To calculate the output of a simple network with two input nodes and one output node with a sigmoid activation function you'll need to use:

$y = f(h) = sigmoid(\sum_{i} w_i x_i + b)$

In [4]:
import numpy as np

def sigmoid(x):
    return 1 / (1 + np.exp(-x))

inputs = np.array([0.7, -0.3])
weights = np.array([0.1, 0.8])
bias = -0.1

# Calculate the output
output = sigmoid(np.dot(inputs, weights) + bias)

print('Output:')
print(output)

Output:
0.432907095035


To figure out how we're going to find these weights, start by thinking about the goal. We want the network to make predictions as close as possible to the real values. To measure this, we need a metric of how wrong the predictions are, the **error**. A common metric is the sum of the squared errors (SSE):

$E = ^1_2 \sum_{μ} \sum_{j} [y_j^μ - 'y_j^μ]^2 $

where y^ is the prediction and y is the true value, and you take the sum over all output units j and another sum over all data points μ. This might seem like a really complicated equation at first, but it's fairly simple once you understand the symbols and can say what's going on in words.

First, the inside sum over j. This variable j represents the output units of the network. So this inside sum is saying for each output unit, find the difference between the true value y and the predicted value from the network y^, then square the difference, then sum up all those squares.

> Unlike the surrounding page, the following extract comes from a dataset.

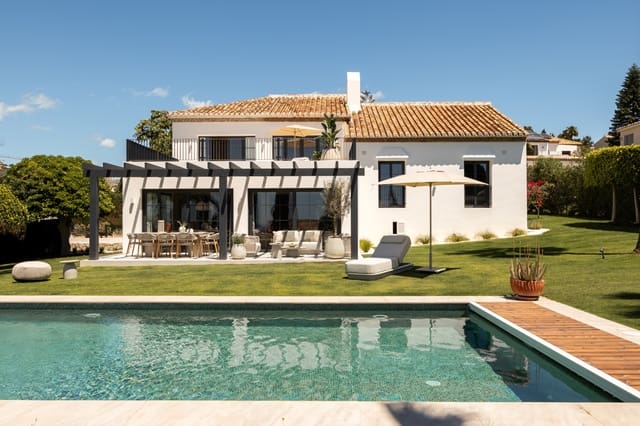 4 bedroom Villa for sale in El Paraiso, Estepona with pool garage - € 3,495,000 (Ref: 9855121)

Then the other sum over μ is a sum over all the data points. So, for each data point you calculate the inner sum of the squared differences for each output unit. Then you sum up those squared differences for each data point. That gives you the overall error for all the output predictions for all the data points.
The SSE is a good choice for a few reasons. The square ensures the error is always positive and larger errors are penalized more than smaller errors. Also, it makes the math nice, always a plus.